As our understanding of the response of buildings to earthquakes improves, design codes in seismic regions around the world are changing to keep up with advances in the understanding of building performance. These changes demand the development of new analytical tools and procedures to satisfy the emerging design criteria. This paper describes analytical procedures that can be used with the voluntary ordinance for hazard reduction in existing concrete buildings in the City of Los Angeles, a typical example of the new, displacement-based seismic rehabilitation criteria. Displacement-based procedures demand an accurate representation of element stiffness over the entire range of building behavior and the methodology described herein determines element stiffness with nonlinear analyses that begin with the stress strain relationships of concrete and steel.

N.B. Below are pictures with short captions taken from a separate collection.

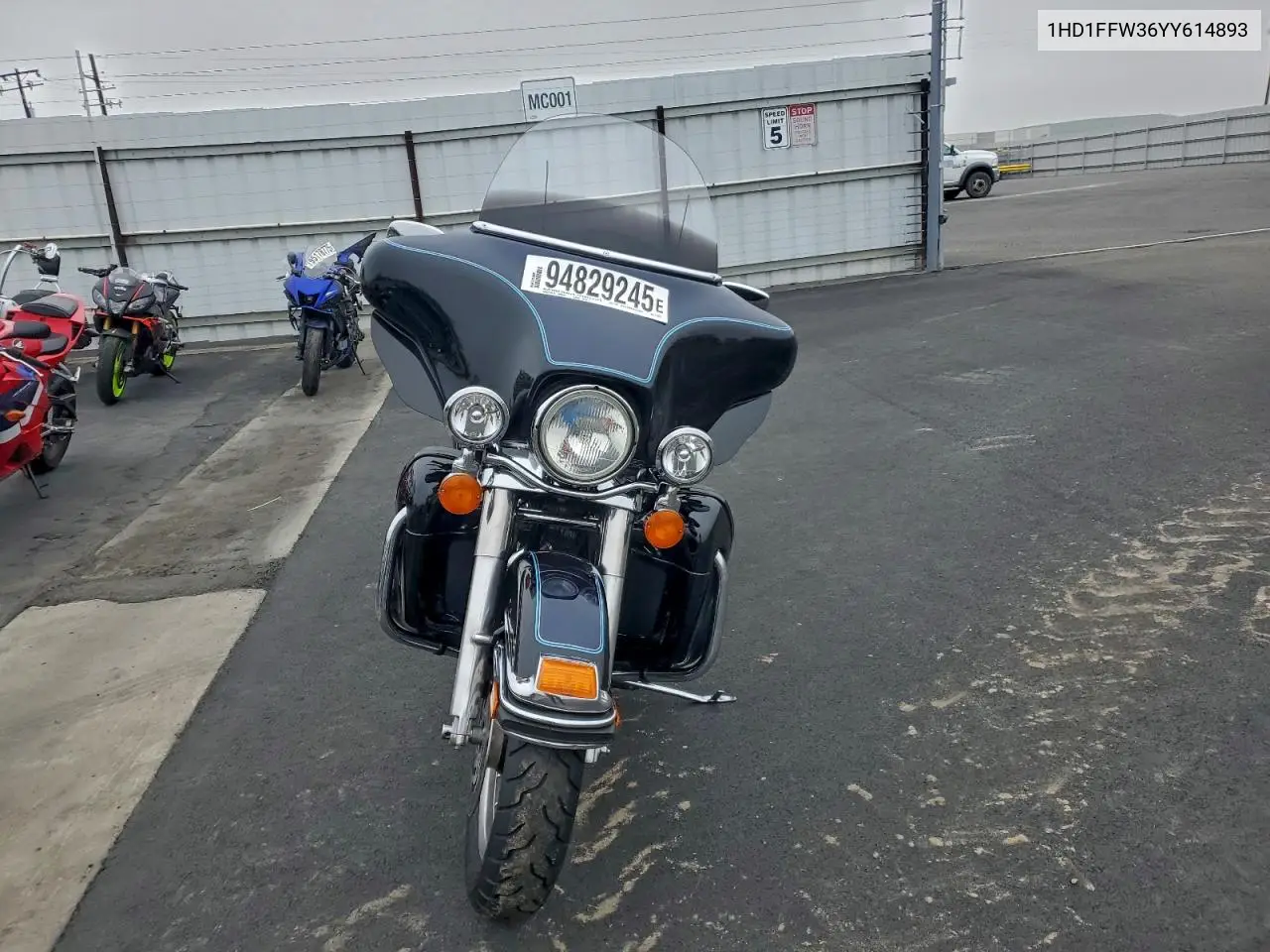 1HD1FFW36YY614893 2000 Harley-Davidson Flhtci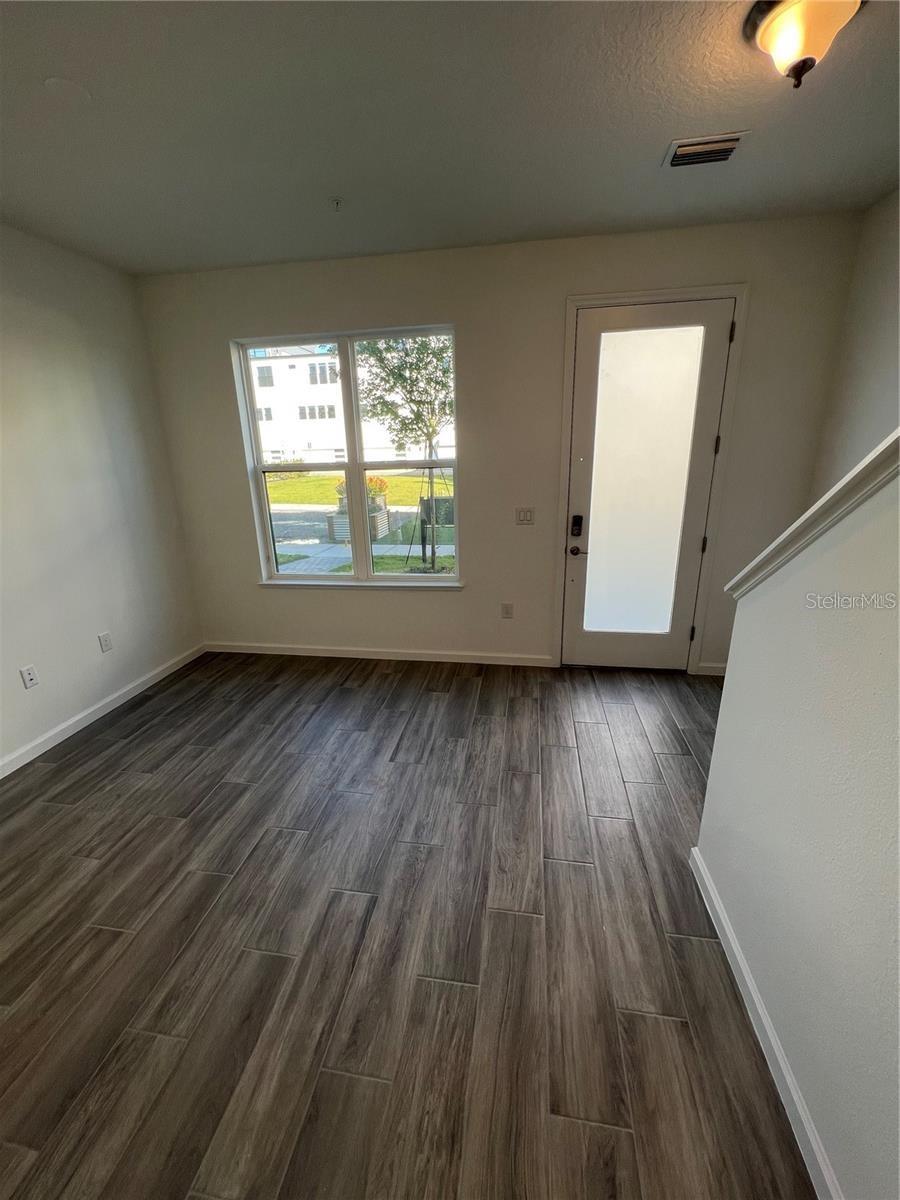 Image 20 of 32 For 2257 Valentine Alley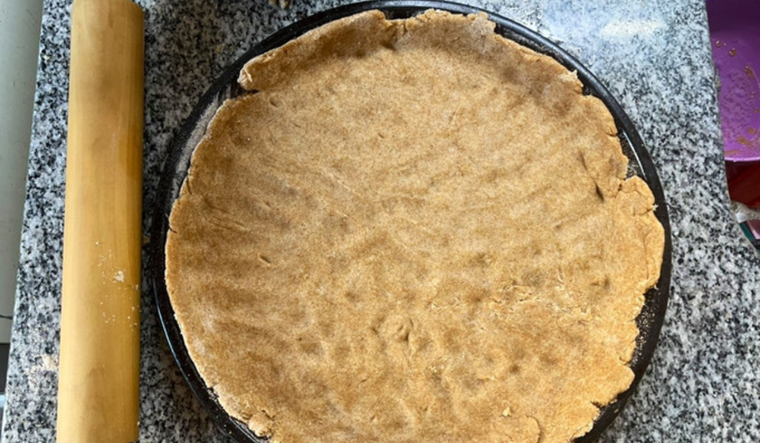 El aceite de oliva en la receta de masa integral realza el sabor y la hace más ligera. El aceite de oliva en la receta de masa integral realza el sabor y la hace más ligera.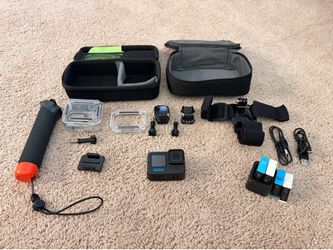 GoPro Hero10 (Black) w/accessories
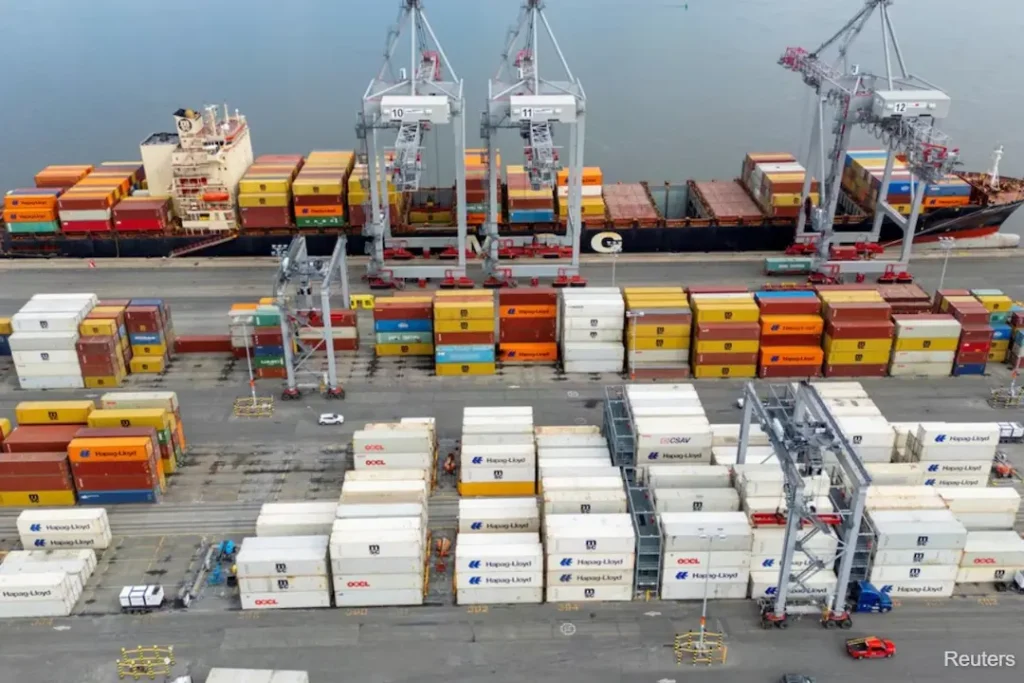 A20view20shipping20at20Port20Montreal20Montreal-20April14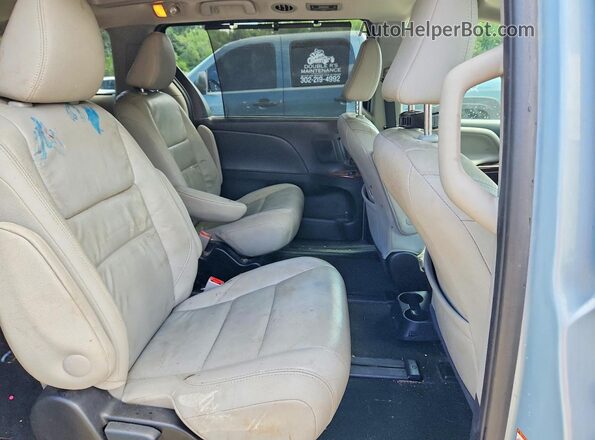 5TDDK3DCXGS132675 2016 TOYOTA SIENNA Blue Widok wnętrza z tyłu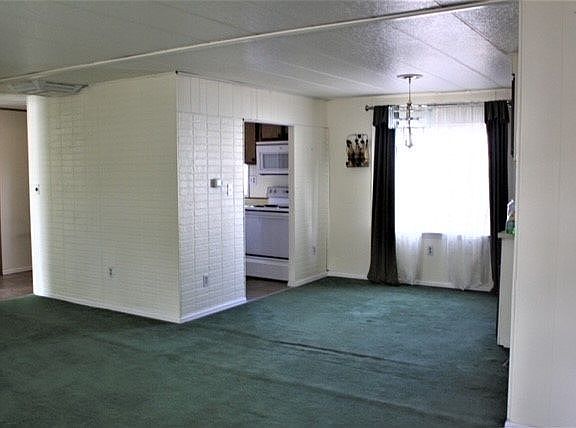 3rd image of 2221 S Prairie Ave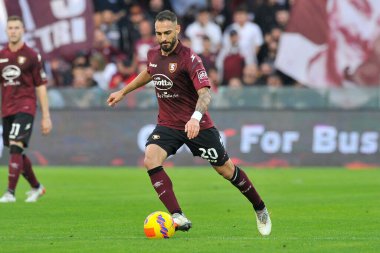 Salernitana 'nın Grigoris Kastanos oyuncusu, Salernitana ile Sampdoria arasındaki İtalya SerieA şampiyonası maçında, final maçı 0-2, Salerno' daki Arechi Stadyumu 'nda oynandı. Salerno, İtalya, 21 Kasım 2021. 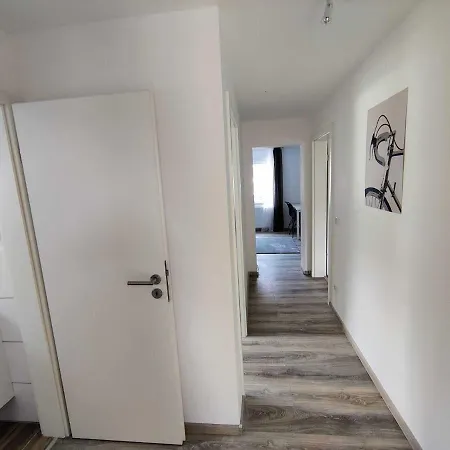 Pleasant Apartment In Koenigswinter With Terrace 아파트 코니그스빈터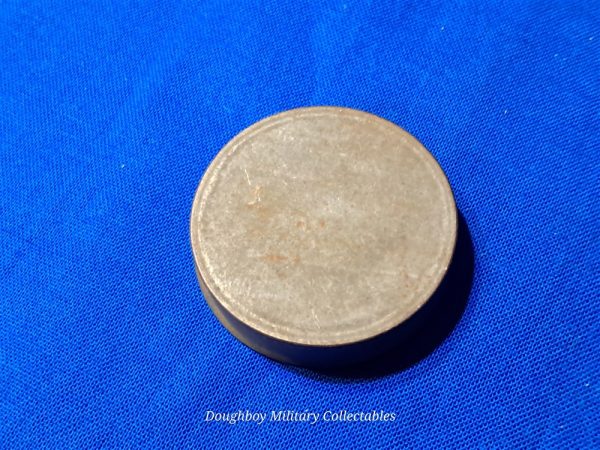 world-war-one-prussian-small-tin-container-for-pills-and-other-items-with-eagle-embossed-lid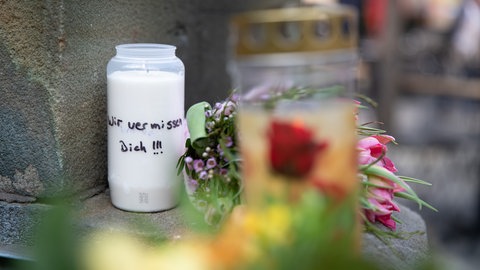 Angehörige trauern um das Opfer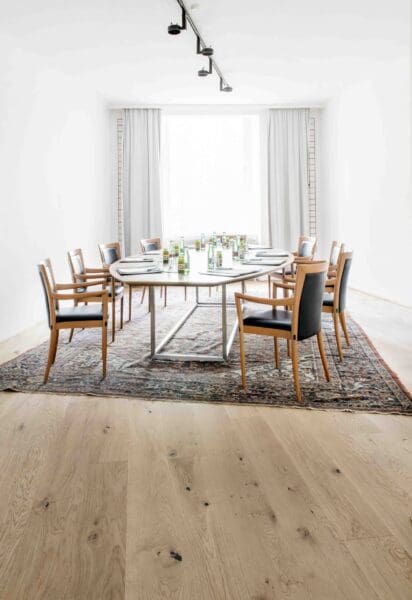 Board Room 1_verkleinert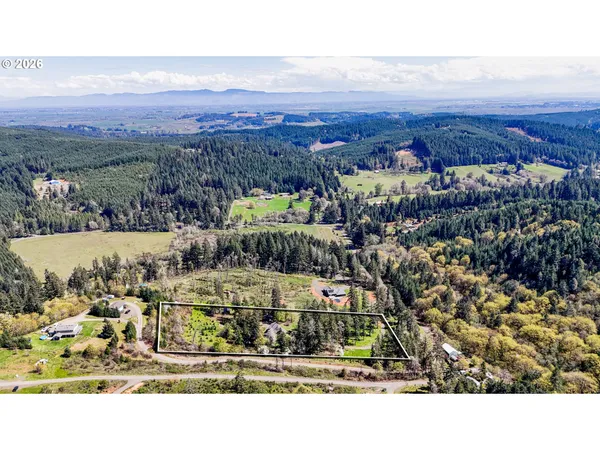 $599,000 | 24691 Hall Road, Cheshire, OR 97419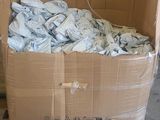 un carton rempli de vêtements posé sur une palette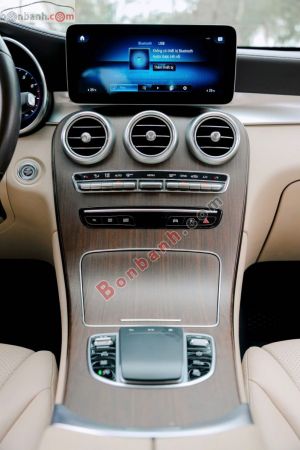 Xe Mercedes Benz GLC 200 4Matic 2022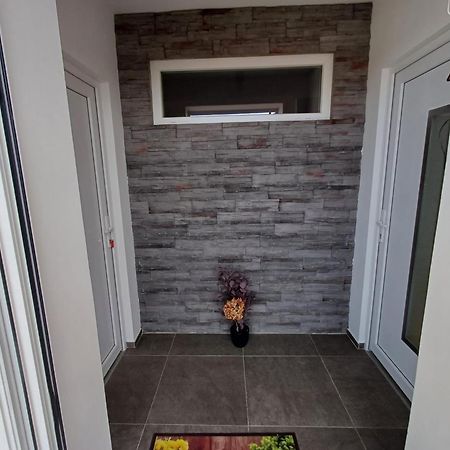 Apartments Jelka Banjol Luaran gambar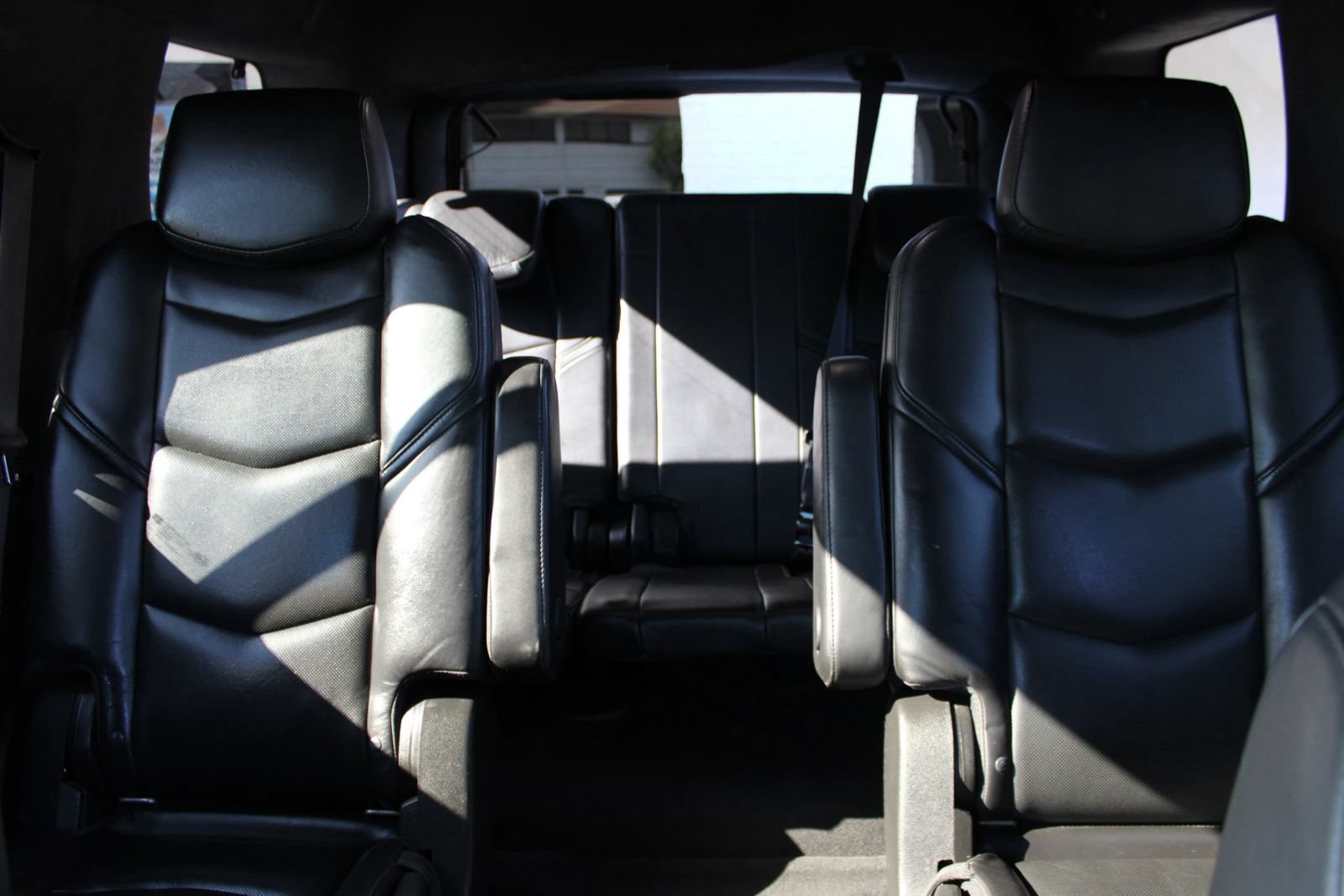 Used 2016 Cadillac Escalade Platinum AWD/4WD image 12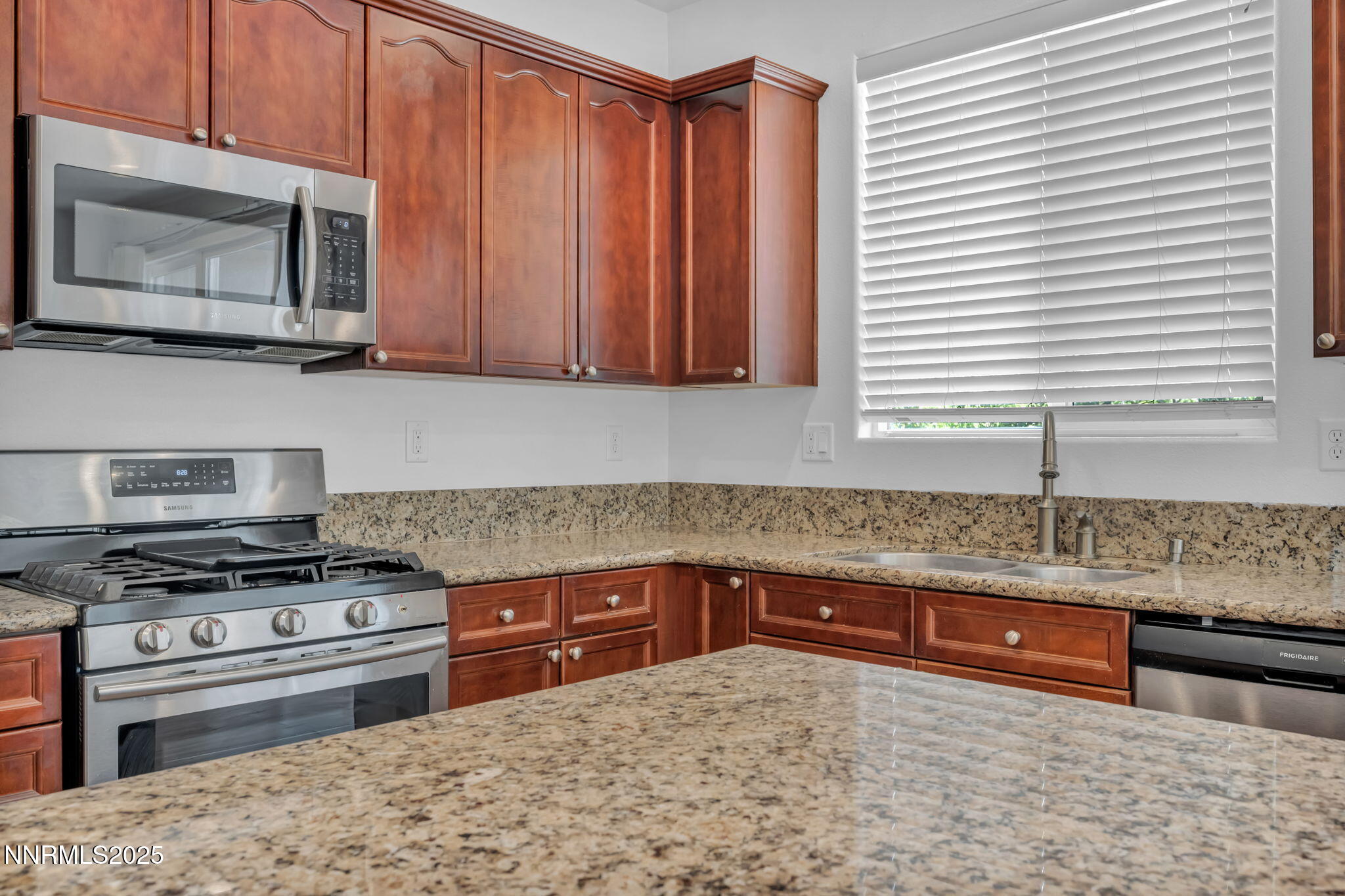 5310 Healing Stone Court Property Photo 7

Methods for determining the material stress versus strain relationships are reviewed, and the effects of lateral confinement and tension stiffening on concrete behavior are demonstrated. Material behavior is then extended to the development of moment-curvature relationships, which are the basis for determining the change in stiffness of flexural elements with increasing deformation. Displacement limits of the structure are determined by correlating the calculated building displacements and story drifts to strains and curvatures at critical cross sections. The paper presents techniques for performing this correlation by considering the redistribution of forces that occurs with changes in member stiffness at different displacement levels and by applying basic structural mechanics principles.